On 28/10/2019 11:03, Ash wrote:
Hello
I am trying to develop equations of motion using sympy of a complex system. It takes 4-5 minutes to get the mass matrix (M) and coriolis vector (C). Hence I decided to use sympy's codegen and try to make it fast.
I can write my equations as

d^2 *q*/ dt^2 = M_inverse (Tau - C - G)
but M, C, Tau (torque) and G(gravity) are defined with respect to state variables and its derivatives. And I cant figure out how to do it.

 I am attaching a simple two degree of freedom planar robot's code for easy understanding of my problem. My state variables are the angles q1(t) and q2(t) (dynamic symbols). There are other variables like lengths, mass, inertia of the links which are defined as symbols. M(q(t)), C(q(t), dq(t)), G(q(t)) matrices are derived symbolically (line 14).

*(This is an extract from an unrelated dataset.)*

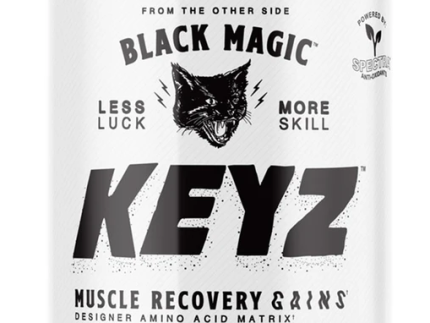 Black Magic: KEYZ, 30 Servings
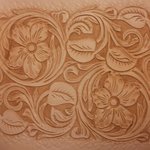 [가죽공예] 가죽공예 마디샤-<b>셰리던</b> 카빙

My doubt is if I want to play around with the numerical values of the variables in M, C, and G, how can I efficiently generate code and cythonize and build wrapper?

Any help would be really appreciated

I used to work as a Mathematica consultant, and I have seen a number of Mathematica users concerned about performance issues. There are plenty of subtle ways to make Mathematica code run slowly - often dramatically so. I am sure the same is true of all algebra systems.

As a simple example from Mathematica, simply ensuring that every component of a numerical matrix is the same type can improve performance a lot. It is so easy to write some zero components as 0 (i.e. an integer) as opposed to 0.0 (a real). If you do that in a language like Fortran, the compiler will automatically convert the components of the matrix to the type of the variable that holds them, but not in Mathematica or (I think) SymPy.

I am not quite sure if your basic problem is speed or formulating your problem. However, if you have a problem with speed, it would definitely be worth taking the time to extract a simple example of a SymPy calculation that seems slow to you.